By Brenner Woolley, BBC Radio Suffolk's Ipswich commentator for 21 seasons

Once upon a time, in a commentary, I described Ipswich as "Britain's most miserable football club", which I stand by to this day.

There was no attractive football, no success on the pitch, no academy graduates coming through, supporters did not like manager X, manager Y or manager Z and complained about everything from the music at Portman Road, to the price of tickets and the away shirts - they did not like anything.

But under Kieran McKenna, the sun has come out from behind a big, dark cloud.

The club got the right man at the right time and the impact he has made has been absolutely seismic - now grimaces have been replaced by smiles.

The fans could never have imagined things progressing as they have in such a short period of time, but now their dream has come true - a place in the Premier League.

The 'horrible' years at Portman Road

I started doing commentary off the back of relegation from the Premier League in 2002, which was followed by a spell in administration.

There were a couple of play-off runs in 2004 and 2005 under Joe Royle but Town were in the doldrums in the Championship for so many years until Mick McCarthy did the same in 2015.

In 2018-19 came the low point. Paul Hurst was sacked after only winning one game and for the rest of the season, under Paul Lambert, they sleepwalked towards relegation to the third tier for the first time in more than 60 years.

There had been boos from fans, performances were very poor and fans were unhappy with a perceived lack of investment by then owner Marcus Evans.

Everything was horrible, and the club in terms of its infrastructure was in a state of disrepair.

But in April 2021, American investment came in when Gamechanger 20 Ltd bought the club and since then it has been a different world at Portman Road.

'Demolition man' starts rebuild

Paul Cook was only manager for nine months in 2021 but he had a vital role in the upturn in Ipswich's fortunes.

He described himself as the "demolition man" because he had come in and taken over a squad he had very little time for - he made no bones about it - and there was a mass cull that summer.

In their place came some key players and from the group McKenna inherited, some of those Cook recruits have been instrumental, captain Sam Morsy being the obvious one.

Goalkeepers Christian Walton and Vaclav Hladky, defenders Cameron Burgess and George Edmundson, attacking midfielder Conor Chaplin and winger Wes Burns were all Cook signings, so he did a good job that summer in terms of recruitment - but he was not the new owners’ man.

They did bring in their man in December 2021 - and what an appointment it has been.

Destined for the top

The job that McKenna has done with the players he inherited, with the business he’s done, is utterly astonishing, gobsmacking.

Within a couple of weeks I thought, from speaking to this man, he was going to manage in the Premier League.
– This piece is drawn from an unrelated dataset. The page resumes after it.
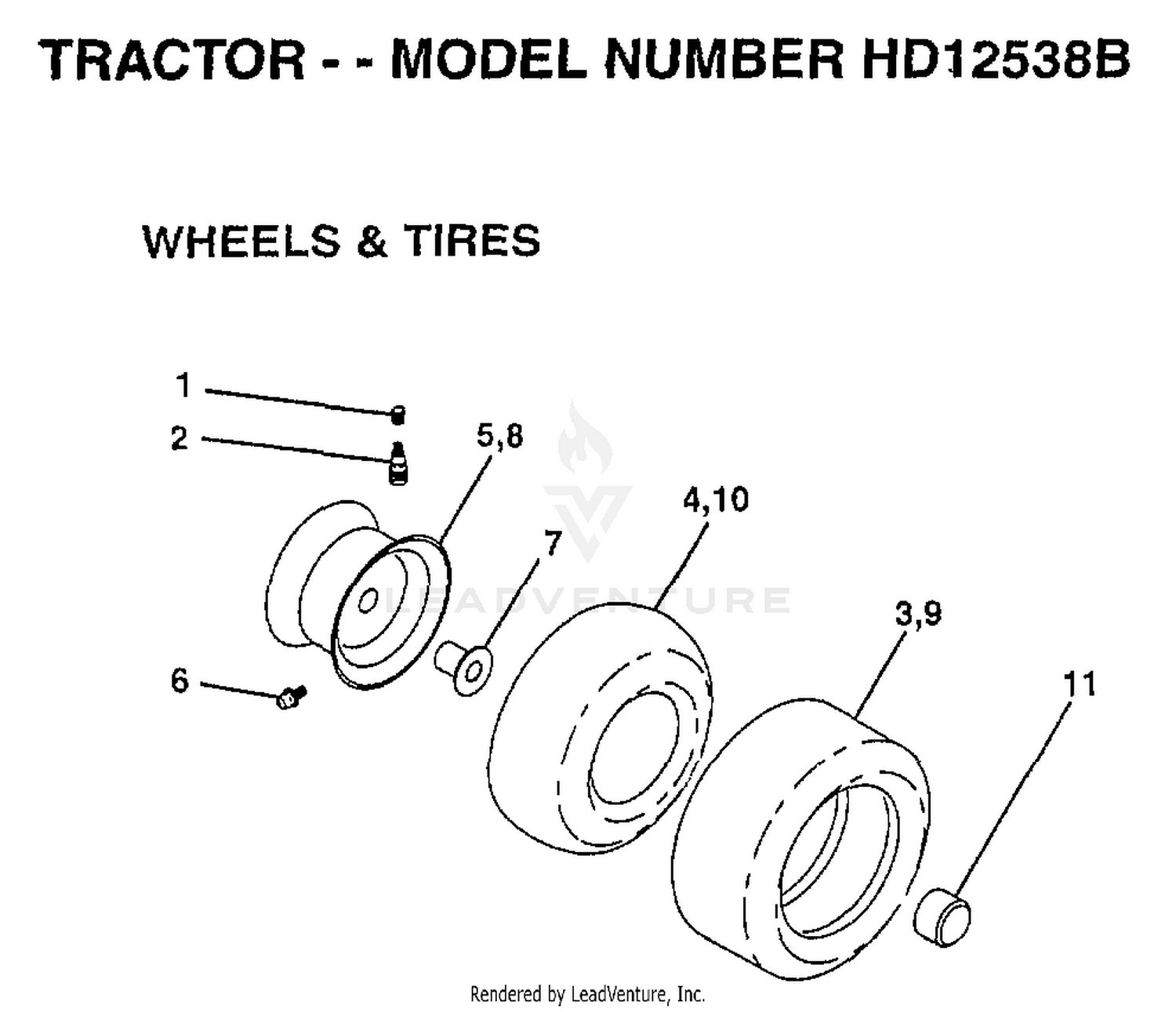 WHEELS AND TIRES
But I did not dream it would be with Ipswich Town.

He just looked destined for the top and what I’ve seen of him these past couple of full seasons in lifting Ipswich from League One and back to the top flight has just underlined that – he will certainly manage at the very highest level.

He is very tactically astute, a fine man manager, a great communicator and he has improved players, whether it’s Morsy, who is 32 now, fellow midfielder Massimo Luongo, a similar age, young players coming into the building or new signings – he has revolutionised the club on the playing side.
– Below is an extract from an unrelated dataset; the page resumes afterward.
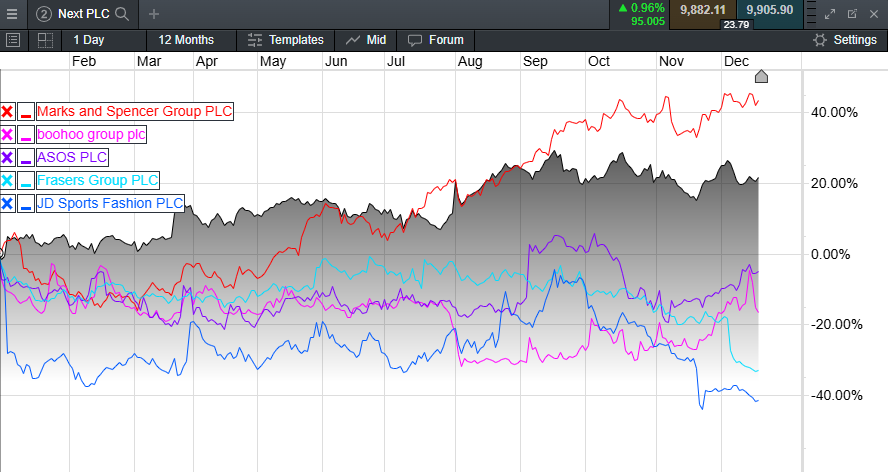 广东“艺术晚课堂”秋季班9月开课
Clearly, he demands very high standards, and from the word go his training methods have involved drones and other technology.

The way he conducts himself and deals with the media has been so refreshing after difficult times with various other managers down the years.

The players absolutely love him; they are very hard to play against, well coached and well organised, but above all else, they have this phenomenal togetherness, this attitude of having each others' backs.

Players that are not even on the bench go along and watch games and join in post-match celebrations. It is wonderful to see.

That spirit has dug them out of holes, got them equalisers, got them wins when they were drawing, they keep going to the end and are phenomenally fit.

Yes, they have had injuries but nowhere near the number that previous incarnations have had at Ipswich.

Some mornings I have thought 'is this really happening? Are they so close to the Premier League?'

From top to bottom, Ipswich are a club revolutionised. They are close no longer - they are there.